§ **INSTRUCTIONS TO FOLLOW**
Write each line out exactly, from the one containing "Main image of" through the final line of the data, and keep pictures out of the copy.

§ **MATERIAL PROVIDED**
###
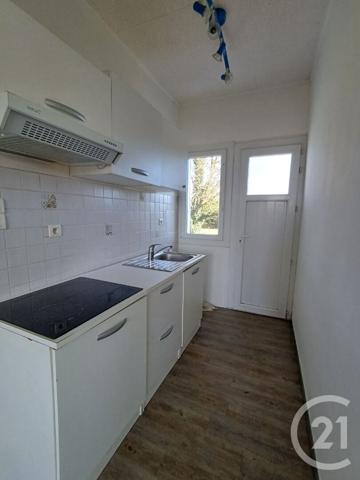 Maison à vendre  4 pièces - 58,12 m2 COMMUNE NOUVELLE D ARROU - 28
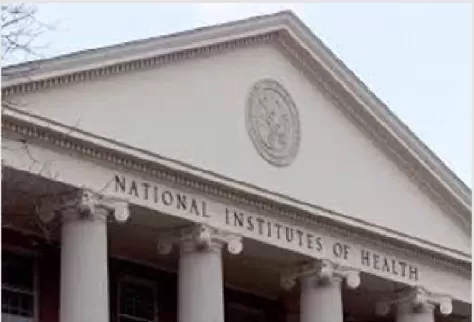About NIH Advisory Committees Image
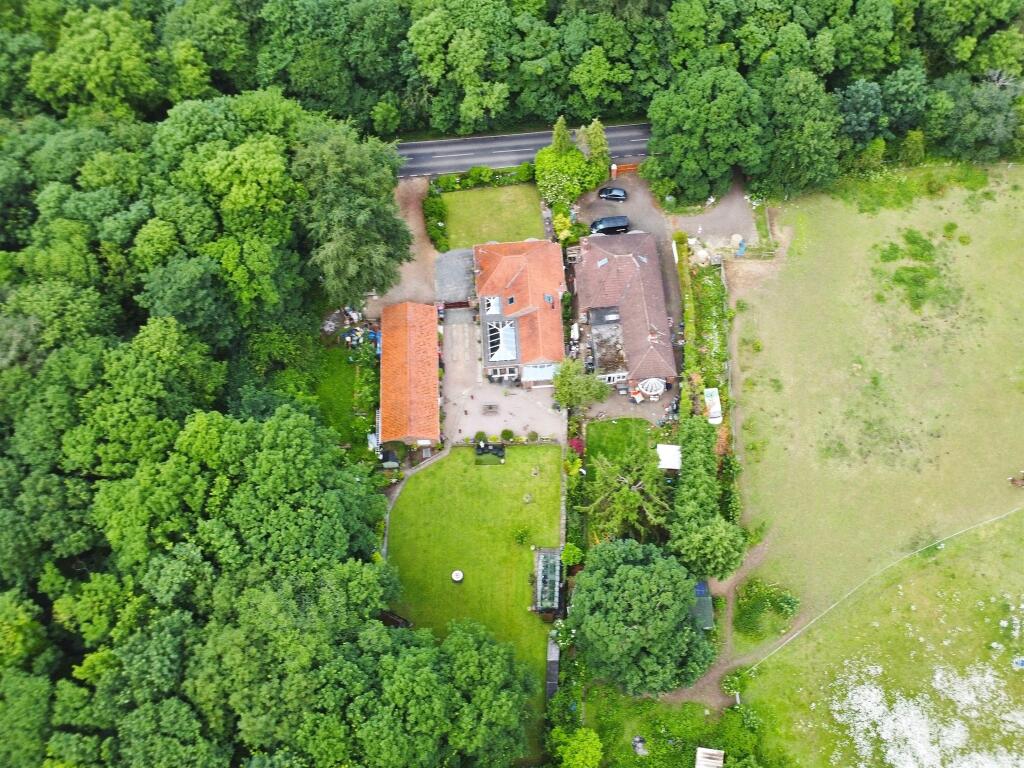 Main image of property: Lamb Lane, Firbeck, Worksop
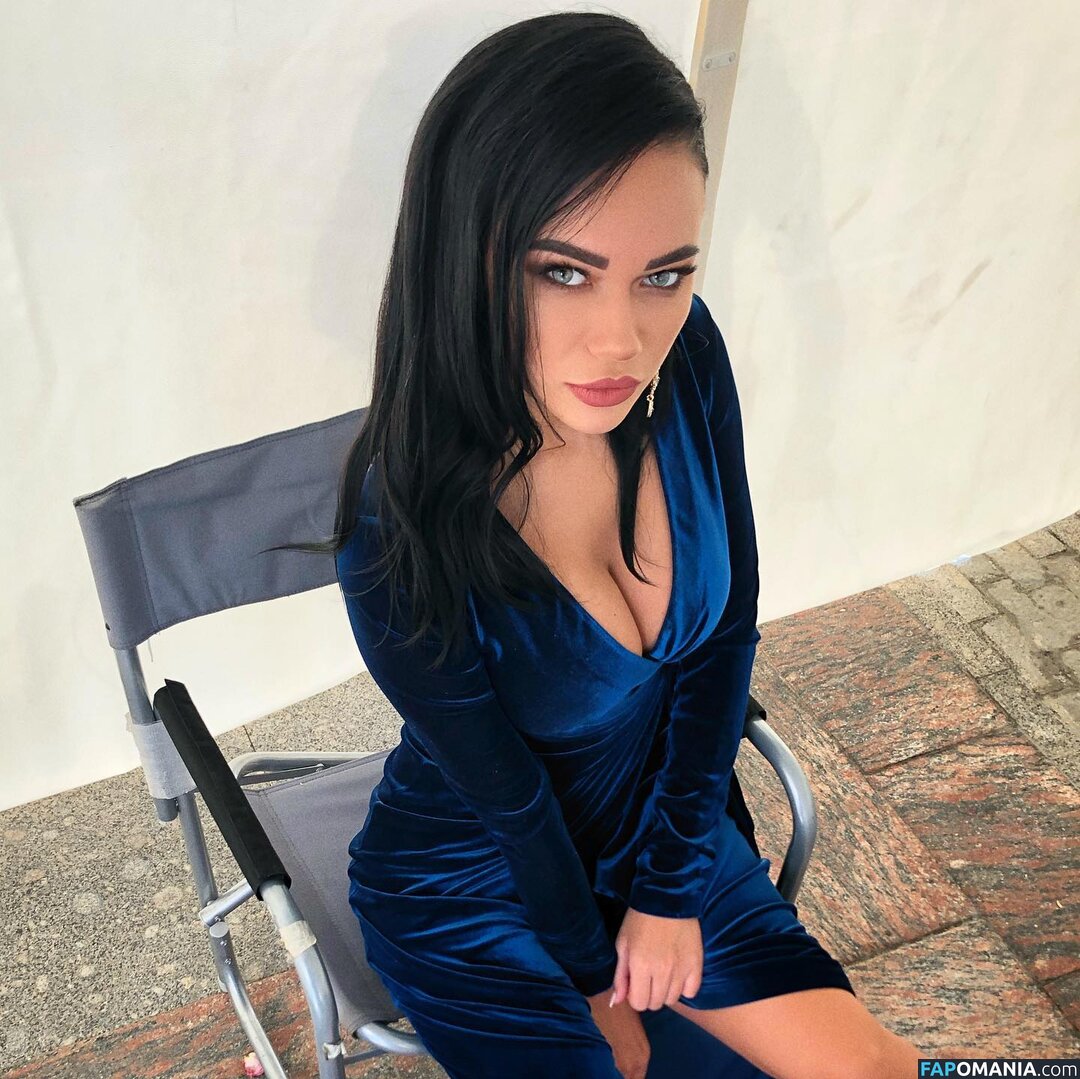 Yana Koshkina / yana_koshkina_official Nackt OnlyFans  Geleaktes Foto #9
###
§ **RESPONSE**
 Main image of property: Lamb Lane, Firbeck, Worksop
 Yana Koshkina / yana_koshkina_official Nackt OnlyFans  Geleaktes Foto #9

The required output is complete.